Now that the bowl is completed and drying, it's time to make the cute little splash of milk. To give the splash a uniformed cupped shape, I used a small Wilton flower former cup. To keep the splash from sticking, dust the inside of the cup with cornstarch.
Place a little patty of 100% gum paste into the flower cup. Use your fingers to press and shape the gum paste into a general "splashing" shape. Right now it looks like a sad little splash... but don't worry, we will build up on it a little more to give it more shape.
Create little teardrop shaped pieces and adhere them to the splash using a little water. And to keep all of the little droplets from being at the exact same level, slide something under a couple of the teardrops to hold them up and make them sit a little higher than the other droplets - I'm using cut pieces of Ziploc baggies.
Allow bowl and splash to dry for a few days!
The bowl is ready to use when it can be removed from the pan and it is semi-hard and holds its shape very well. If your bowl's edges aren't perfectly straight, very carefully trim them down by holding a razor blade perfectly flat and remove thin pieces of bowl at a time until the edges are smooth and just about even.
Once your cake is baked and cooled in the other 1/2 of the ball pan, it's time to place it in the edible cereal bowl. To do this, use a small spoon to smooth down a little frosting inside of the bowl where the cake will be sitting. Be sure to not get frosting on the edges of the bowl that will be showing. Level the surface of your cake before placing it in the fondant bowl. Once your cake is level and trimmed to an appropriate size for your cereal bowl, place it inside of the bowl. Smooth a layer of frosting over the cake's surface - ensure the layer of frosting is as smooth as you can get it. Place cake in the refrigerator and chill for at least 30 minutes to allow frosting to harden.
While the cake is refrigerating, slice some of the cereal (I'm using Cheerios) in half - these pieces will give the illusion that part of the cereal is under the milk's surface.
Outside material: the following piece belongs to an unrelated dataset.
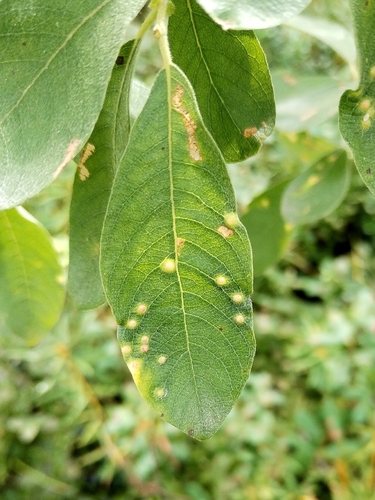 Iteomyia capreae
After cake has refrigerated for 30 minutes and frosting is hard, remove from refrigerator and plan where you'd like your splash to sit. Choose a spot near the middle - a small skewer will be inserted through the splash and into the cake... and to keep the skewer from poking out of your bowl, it must be near the center of the bowl. Using a small teaspoon, scoop out a shallow hole for your splash to sit. Remember, when pouring liquid into a liquid, the beginning of the splash sits slightly below the surface of the sitting liquid. (Geez! That's confusing! I hope you guys get what I'm trying to say there) :)
Next, line the hole with a little frosting.
On a surface dusted with cornstarch, roll out a round sheet of fondant large enough to cover the surface of the cake. Be sure fondant is thick enough to not let the frosting color show through. Plus, thicker fondant will be helpful when we stretch it across the surface.
Using your finger or a metal ball tool, press the fondant into the hole cut out for the splash.
Using an Xacto knife, carefully trim away excess "milk" fondant. If you accidentally cut away too much like I did, it's totally okay... we're gonna fix that!
Now it's time to cover up those gaps with icing showing, and also make the fondant super smooth all the way across the surface. To do this, hold one side of the fondant bowl with your hand to give it support. Using a fondant smoother, flatten and press the fondant toward the edge of the bowl where your hand is. Be very careful in doing this so your bowl doesn't break or you don't accidentally rip your fondant. Do this all the way around the bowl until fondant is nice and smooth and it reaches the edge of the bowl.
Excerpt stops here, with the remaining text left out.